> **DESCRIPTION OF THE TASK**
What you should give back is a precise copy of the lines below from the one containing "DMGL: Dungeon Map" through the one containing "Kepta silkė per 30 minučių Žingsnis 1", with no pictures.

> **RECORDS PROVIDED**
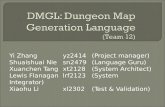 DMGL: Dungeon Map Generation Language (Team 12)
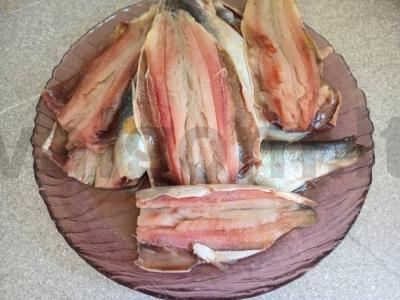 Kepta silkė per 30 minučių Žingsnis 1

--

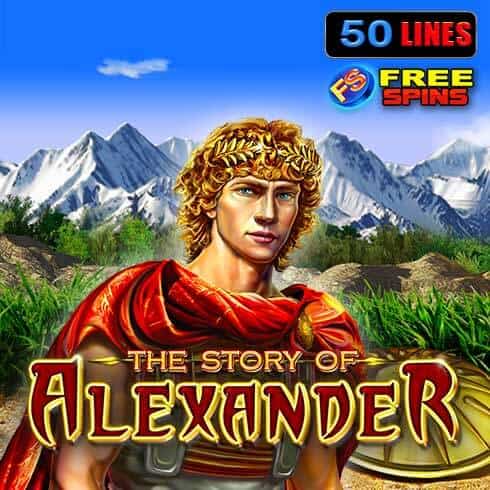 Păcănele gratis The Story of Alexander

> **WRITTEN SOLUTION**
 DMGL: Dungeon Map Generation Language (Team 12)
 Kepta silkė per 30 minučių Žingsnis 1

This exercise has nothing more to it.